FIG. 1 is a sectional view of a kiln according to an embodiment of the present invention, and FIG. 2 shows a specific example of means for holding a large number of metal rods in cells of the kiln body.

In Fig. 1, 1 is a cell of the kiln main body, 2 is a refractory material, and 3 is a metal rod, which are arranged vertically from the inner wall of the refractory material 2 at approximately equal intervals in a plane perpendicular to the axis of rotation of the kiln. It is planted so as to protrude (that is, in the direction toward the center of the furnace in FIG. 1).

It is preferable that the metal rods 3 are installed over the entire preheating area of the kiln, with substantially equal intervals in the longitudinal direction and circumferential direction of the kiln, and arranged on the same plane parallel to the rotation axis. .

The length of the metal rod protruding from the refractory material must be such that its tip is always exposed on the surface of the rolling pellet layer.

The distance between the tips of the metal rods is preferably 4 to 6 times the maximum diameter of the charged pellets.

In addition, the tips of the metal rods installed in the refractory inner wall of the kiln may be connected in a lattice, diamond, ring, or chord shape as required, as shown in Figure 4 a, b, c, d, and e. , strength may be reinforced.

As a means for making a large number of metal rods protrude from the refractory inner wall of the kiln, for example, as shown in Fig. 2, a long rod 4 of stainless steel, for example, is placed on the inner wall of the cell 1 of the kiln in the same plane perpendicular to the rotation axis of the kiln. Weld the short rods 5 at equal intervals as shown in the figure, and divide the long rods 4 into equal parts by welding both ends of the short rods 5 to the metal wire 6. After welding with 4 and constructing one round in the circumferential direction of the kiln, the same construction was performed with equal spacing of the metal rods in the direction parallel to the rotation axis, and this was repeated to plant the metal rods all over the preheating area. .

[Effect of idea]

When operated with a kiln improved in this way, the pulverization rate and welding rate of pellets are significantly reduced compared to the conventional method using a lifter, the fuel consumption rate and yield are also significantly improved, and the operation is stable.
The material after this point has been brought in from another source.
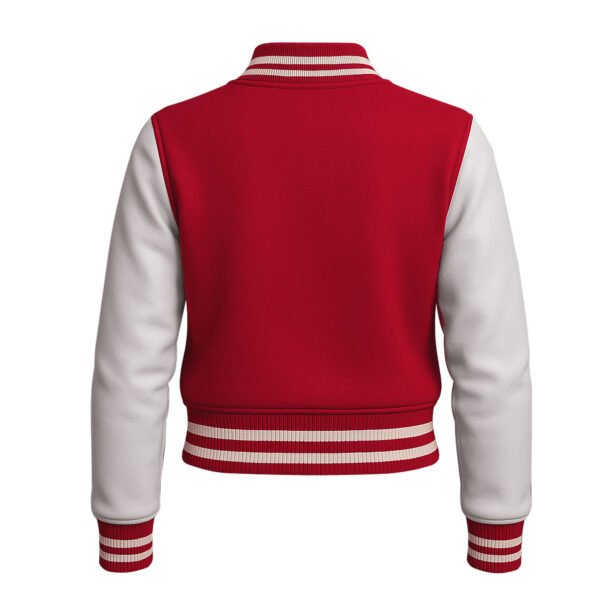 Women Croptop Letterman Varsity Jacket Red & White
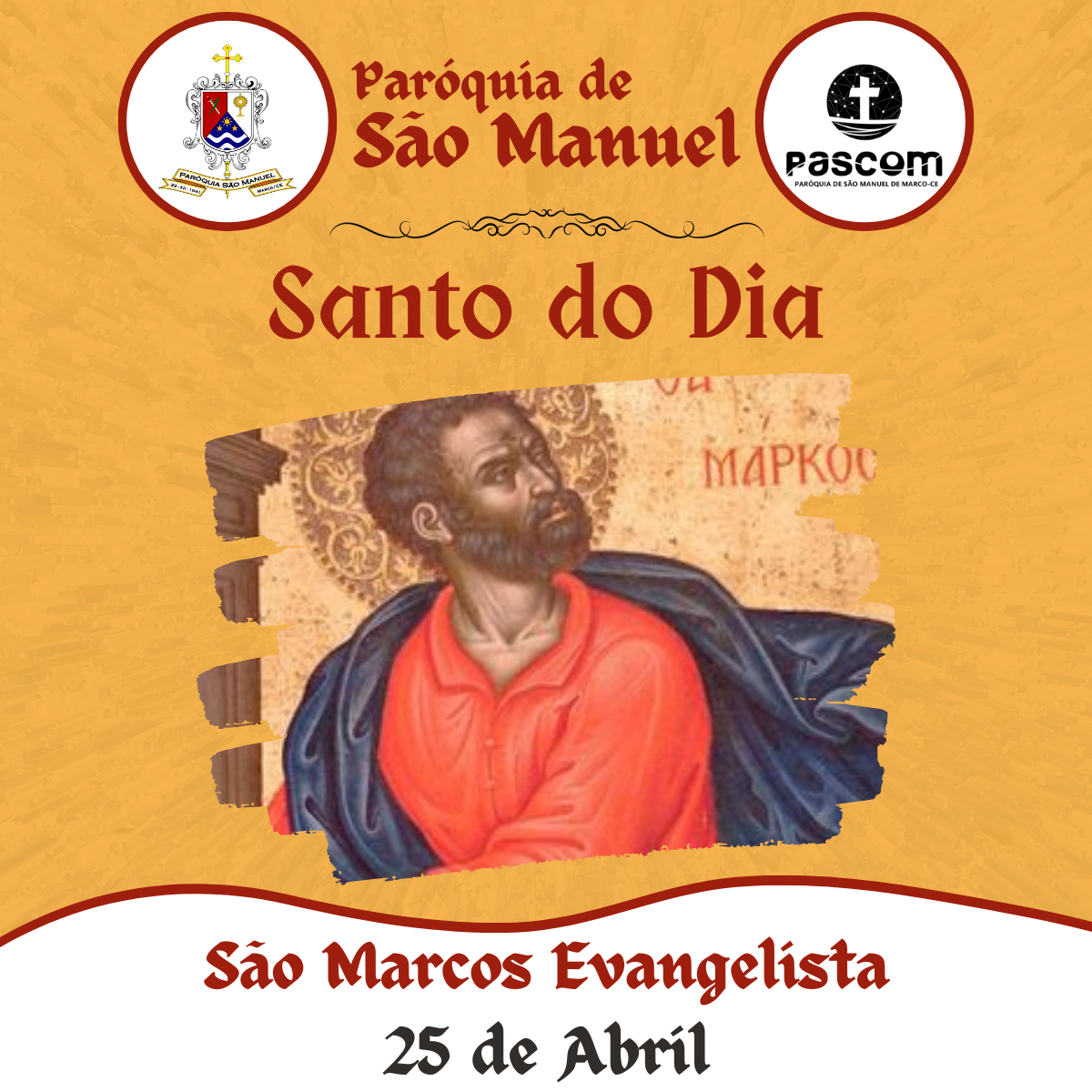 São Marcos Evangelista. Créditos: Paróquia de São Manuel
It became like that.

[Brief explanation of the drawing]

FIG. 1 is a sectional view of a kiln preheating area, FIG. 2 is an example of holding a metal rod, FIG. 3 is a configuration diagram of a preheating area of a conventional kiln using a lifter, and FIG. 4 is an example of connecting the tips of metal rods. 1: Cell, 2: Refractory material, 3: Metal rod, 4: Long rod, 5: Short rod, 6: Metal wire, 7: Lifter.

Claims (1)

[Claims for Utility Model Registration] (1) In a rotary kiln for firing granulated pellets, a metal rod of a length such that its tip is always exposed above the charged pellet layer is installed on the inner wall of the refractory material over the entire preheating area. 1. A rotary kiln for pellet firing, characterized in that the pellets are installed at regular intervals in a plane perpendicular to the rotational axis of the rotary kiln and in a plane parallel to the rotational axis of the kiln. (2) The rotary kiln for pellet firing according to claim 1, wherein the distance between the tips of the metal rods is 4 to 6 times the maximum diameter of the pellets to be charged.